In Exhibit 8 competitive game that is being played here between Holderbank and CEMEX is

one that is explaining their ability to avoid fighting on the same shares of the pie. It seems

that they understand each other very well and also acknowledging the fact that entering into a

head to head to competition could lead to huge losses on both sides.
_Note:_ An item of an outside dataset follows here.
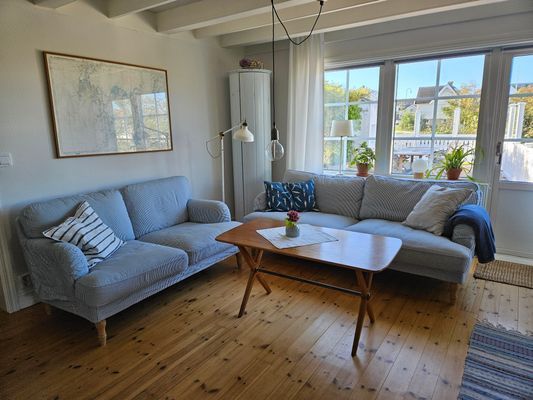 Västkustsommar i Rönnäng - Bild 3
Question 4: How far can Cemex competitive advantage travel
Cemex has increased competitive advantages by Developing
intangibles that apply across countries and create rationale for its
global strategy e.g., managerial processes and innovation
Cemex entered in similar countries first which lowers
the risks created by differences across countries
In the year 2000, it acquired Southdown (US), 2nd largest cement
manufacturer in US, for $2.9 billion. In 2001, Cemex acquired
Saraburi Cement (Thailand), for $73 million.Likewise in 2002
acquired Puerto Rican Cement Company for $281 million. In year
2004 acquired RMC Group (UK), one of Europe’s largest
cement producers and world’s largest supplier of ready-mix
concrete, for $5.8 billion. In 2006 sold its 25.5% stake in Semen
Gresik (Indonesia). In 2006 acquired Rinker Group (Australia), a
major seller of construction materials with 85% of its business in the
US, for nearly $12 billion (27% premium) in largest deal ever
concluded in the cement industry
Q5. What are the most challenges that Cemex is likely to
confront in the future?
Challenges which Cemex most likely confront in future would range from ending
poverty to tackling climate change.
Climate change, resource scarcity and fast urbanization are among the most severe
of these challenges. Cemex is one of the largest consumer of raw materials further
depleting scarce resources.
Other challenges can come in the form of: Skilled labour shortages & Sustainability
concerns vis a-vis the Economic Conditions & political uncertainty in the countries in
which Cemex operate.

Challenges relating to energy resources, CO2 emissions and the use of alternative
materials can also affect Cemex.
Green taxes are an additional cost that is incurred if emissions are not restricted,
potentially leading to a doubling in the price of cement.